Below are some records. Reproduce them exactly from their first line through the line with "Milestone milestone jacket", inclusive.

(EXCERPTED DATA Opens)

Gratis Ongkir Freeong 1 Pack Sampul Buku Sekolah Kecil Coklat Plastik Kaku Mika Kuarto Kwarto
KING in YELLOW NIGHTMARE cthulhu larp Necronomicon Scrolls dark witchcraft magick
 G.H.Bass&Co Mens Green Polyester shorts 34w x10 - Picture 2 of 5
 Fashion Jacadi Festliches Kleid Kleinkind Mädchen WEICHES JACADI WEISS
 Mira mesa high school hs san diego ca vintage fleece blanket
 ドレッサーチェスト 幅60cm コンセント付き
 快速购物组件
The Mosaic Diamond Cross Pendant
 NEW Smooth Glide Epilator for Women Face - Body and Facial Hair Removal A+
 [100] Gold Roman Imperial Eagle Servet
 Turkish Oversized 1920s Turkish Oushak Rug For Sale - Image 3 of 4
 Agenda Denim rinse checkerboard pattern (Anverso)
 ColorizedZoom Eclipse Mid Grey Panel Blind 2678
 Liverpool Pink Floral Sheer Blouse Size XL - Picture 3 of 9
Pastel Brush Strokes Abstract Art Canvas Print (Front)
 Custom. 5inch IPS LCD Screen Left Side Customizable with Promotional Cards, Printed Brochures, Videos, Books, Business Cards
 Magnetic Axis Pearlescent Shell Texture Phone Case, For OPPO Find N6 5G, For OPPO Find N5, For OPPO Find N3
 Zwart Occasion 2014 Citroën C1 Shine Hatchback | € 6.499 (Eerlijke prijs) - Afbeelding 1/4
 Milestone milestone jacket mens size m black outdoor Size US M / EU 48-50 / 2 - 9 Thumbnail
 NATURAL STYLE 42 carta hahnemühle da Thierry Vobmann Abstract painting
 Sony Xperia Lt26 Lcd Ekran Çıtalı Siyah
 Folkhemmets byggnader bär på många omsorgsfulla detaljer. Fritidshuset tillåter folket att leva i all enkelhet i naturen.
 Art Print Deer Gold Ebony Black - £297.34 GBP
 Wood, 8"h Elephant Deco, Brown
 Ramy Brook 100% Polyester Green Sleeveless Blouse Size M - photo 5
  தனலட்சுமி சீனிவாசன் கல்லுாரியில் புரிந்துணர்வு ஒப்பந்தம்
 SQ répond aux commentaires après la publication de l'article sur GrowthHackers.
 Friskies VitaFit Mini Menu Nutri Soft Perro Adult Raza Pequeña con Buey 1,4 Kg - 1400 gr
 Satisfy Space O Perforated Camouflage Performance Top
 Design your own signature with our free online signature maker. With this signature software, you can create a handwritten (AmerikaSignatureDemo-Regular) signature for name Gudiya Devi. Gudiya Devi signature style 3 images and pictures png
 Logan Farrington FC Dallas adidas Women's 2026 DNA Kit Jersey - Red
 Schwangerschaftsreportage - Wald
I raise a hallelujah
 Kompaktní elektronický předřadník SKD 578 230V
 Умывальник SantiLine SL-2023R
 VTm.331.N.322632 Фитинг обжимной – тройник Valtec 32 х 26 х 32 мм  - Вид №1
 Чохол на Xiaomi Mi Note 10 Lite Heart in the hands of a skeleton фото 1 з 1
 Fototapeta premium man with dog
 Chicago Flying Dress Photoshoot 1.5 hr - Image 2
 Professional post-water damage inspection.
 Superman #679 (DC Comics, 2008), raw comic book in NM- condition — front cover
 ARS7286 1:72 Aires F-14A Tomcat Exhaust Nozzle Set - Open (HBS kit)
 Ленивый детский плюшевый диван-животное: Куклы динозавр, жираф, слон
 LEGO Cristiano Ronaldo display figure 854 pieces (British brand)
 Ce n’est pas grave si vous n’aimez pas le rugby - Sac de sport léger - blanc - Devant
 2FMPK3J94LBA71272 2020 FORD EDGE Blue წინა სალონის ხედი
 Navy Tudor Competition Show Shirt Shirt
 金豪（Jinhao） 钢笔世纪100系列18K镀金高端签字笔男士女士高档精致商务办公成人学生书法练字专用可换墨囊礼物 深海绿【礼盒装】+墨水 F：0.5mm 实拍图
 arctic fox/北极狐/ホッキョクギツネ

(EXCERPTED DATA Closes)

RESULT FOR THIS EXERCISE:
Gratis Ongkir Freeong 1 Pack Sampul Buku Sekolah Kecil Coklat Plastik Kaku Mika Kuarto Kwarto
KING in YELLOW NIGHTMARE cthulhu larp Necronomicon Scrolls dark witchcraft magick
 G.H.Bass&Co Mens Green Polyester shorts 34w x10 - Picture 2 of 5
 Fashion Jacadi Festliches Kleid Kleinkind Mädchen WEICHES JACADI WEISS
 Mira mesa high school hs san diego ca vintage fleece blanket
 ドレッサーチェスト 幅60cm コンセント付き
 快速购物组件
The Mosaic Diamond Cross Pendant
 NEW Smooth Glide Epilator for Women Face - Body and Facial Hair Removal A+
 [100] Gold Roman Imperial Eagle Servet
 Turkish Oversized 1920s Turkish Oushak Rug For Sale - Image 3 of 4
 Agenda Denim rinse checkerboard pattern (Anverso)
 ColorizedZoom Eclipse Mid Grey Panel Blind 2678
 Liverpool Pink Floral Sheer Blouse Size XL - Picture 3 of 9
Pastel Brush Strokes Abstract Art Canvas Print (Front)
 Custom. 5inch IPS LCD Screen Left Side Customizable with Promotional Cards, Printed Brochures, Videos, Books, Business Cards
 Magnetic Axis Pearlescent Shell Texture Phone Case, For OPPO Find N6 5G, For OPPO Find N5, For OPPO Find N3
 Zwart Occasion 2014 Citroën C1 Shine Hatchback | € 6.499 (Eerlijke prijs) - Afbeelding 1/4
 Milestone milestone jacket mens size m black outdoor Size US M / EU 48-50 / 2 - 9 Thumbnail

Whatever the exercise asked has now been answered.